DATA LISTING:
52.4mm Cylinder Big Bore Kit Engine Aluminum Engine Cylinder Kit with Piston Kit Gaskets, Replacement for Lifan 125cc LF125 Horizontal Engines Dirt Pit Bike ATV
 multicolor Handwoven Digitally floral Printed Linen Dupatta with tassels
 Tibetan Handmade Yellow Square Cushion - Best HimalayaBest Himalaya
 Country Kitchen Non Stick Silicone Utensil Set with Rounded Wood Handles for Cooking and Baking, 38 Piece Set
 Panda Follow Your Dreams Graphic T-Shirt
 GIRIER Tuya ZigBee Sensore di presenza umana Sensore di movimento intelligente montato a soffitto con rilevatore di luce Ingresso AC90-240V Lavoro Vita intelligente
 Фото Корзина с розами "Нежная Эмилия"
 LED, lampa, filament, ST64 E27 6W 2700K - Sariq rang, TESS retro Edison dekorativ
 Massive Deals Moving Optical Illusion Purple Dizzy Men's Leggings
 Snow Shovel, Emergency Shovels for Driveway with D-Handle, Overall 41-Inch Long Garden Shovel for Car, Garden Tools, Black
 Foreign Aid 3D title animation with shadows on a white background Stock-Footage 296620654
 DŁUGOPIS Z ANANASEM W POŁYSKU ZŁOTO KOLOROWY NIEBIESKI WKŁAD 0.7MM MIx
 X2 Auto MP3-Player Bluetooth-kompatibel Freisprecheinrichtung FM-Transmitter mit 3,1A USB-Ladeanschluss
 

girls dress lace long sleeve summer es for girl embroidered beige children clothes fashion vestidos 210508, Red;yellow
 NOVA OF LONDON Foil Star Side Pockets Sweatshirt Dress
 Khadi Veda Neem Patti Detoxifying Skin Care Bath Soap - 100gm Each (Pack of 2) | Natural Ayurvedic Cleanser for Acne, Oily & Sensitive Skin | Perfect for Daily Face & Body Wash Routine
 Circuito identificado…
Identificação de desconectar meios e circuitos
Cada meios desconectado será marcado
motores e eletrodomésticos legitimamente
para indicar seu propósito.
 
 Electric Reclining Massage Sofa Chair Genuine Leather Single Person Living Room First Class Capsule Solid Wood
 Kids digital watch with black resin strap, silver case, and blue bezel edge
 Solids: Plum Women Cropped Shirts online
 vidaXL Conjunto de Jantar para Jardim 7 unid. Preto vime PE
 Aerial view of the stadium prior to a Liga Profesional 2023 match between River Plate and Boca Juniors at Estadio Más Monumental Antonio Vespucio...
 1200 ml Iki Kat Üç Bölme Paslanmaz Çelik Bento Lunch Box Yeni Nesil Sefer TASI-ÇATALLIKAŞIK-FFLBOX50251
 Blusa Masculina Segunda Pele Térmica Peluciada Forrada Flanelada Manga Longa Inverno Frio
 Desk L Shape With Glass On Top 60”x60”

WHAT YOU SHOULD DO:
Starting at the line that contains "Massive Deals Moving", restate word for word every line through the last one in the records above. Return nothing else.

SOLUTION FOR THIS EXERCISE:
 Massive Deals Moving Optical Illusion Purple Dizzy Men's Leggings
 Snow Shovel, Emergency Shovels for Driveway with D-Handle, Overall 41-Inch Long Garden Shovel for Car, Garden Tools, Black
 Foreign Aid 3D title animation with shadows on a white background Stock-Footage 296620654
 DŁUGOPIS Z ANANASEM W POŁYSKU ZŁOTO KOLOROWY NIEBIESKI WKŁAD 0.7MM MIx
 X2 Auto MP3-Player Bluetooth-kompatibel Freisprecheinrichtung FM-Transmitter mit 3,1A USB-Ladeanschluss
 

girls dress lace long sleeve summer es for girl embroidered beige children clothes fashion vestidos 210508, Red;yellow
 NOVA OF LONDON Foil Star Side Pockets Sweatshirt Dress
 Khadi Veda Neem Patti Detoxifying Skin Care Bath Soap - 100gm Each (Pack of 2) | Natural Ayurvedic Cleanser for Acne, Oily & Sensitive Skin | Perfect for Daily Face & Body Wash Routine
 Circuito identificado…
Identificação de desconectar meios e circuitos
Cada meios desconectado será marcado
motores e eletrodomésticos legitimamente
para indicar seu propósito.
 
 Electric Reclining Massage Sofa Chair Genuine Leather Single Person Living Room First Class Capsule Solid Wood
 Kids digital watch with black resin strap, silver case, and blue bezel edge
 Solids: Plum Women Cropped Shirts online
 vidaXL Conjunto de Jantar para Jardim 7 unid. Preto vime PE
 Aerial view of the stadium prior to a Liga Profesional 2023 match between River Plate and Boca Juniors at Estadio Más Monumental Antonio Vespucio...
 1200 ml Iki Kat Üç Bölme Paslanmaz Çelik Bento Lunch Box Yeni Nesil Sefer TASI-ÇATALLIKAŞIK-FFLBOX50251
 Blusa Masculina Segunda Pele Térmica Peluciada Forrada Flanelada Manga Longa Inverno Frio
 Desk L Shape With Glass On Top 60”x60”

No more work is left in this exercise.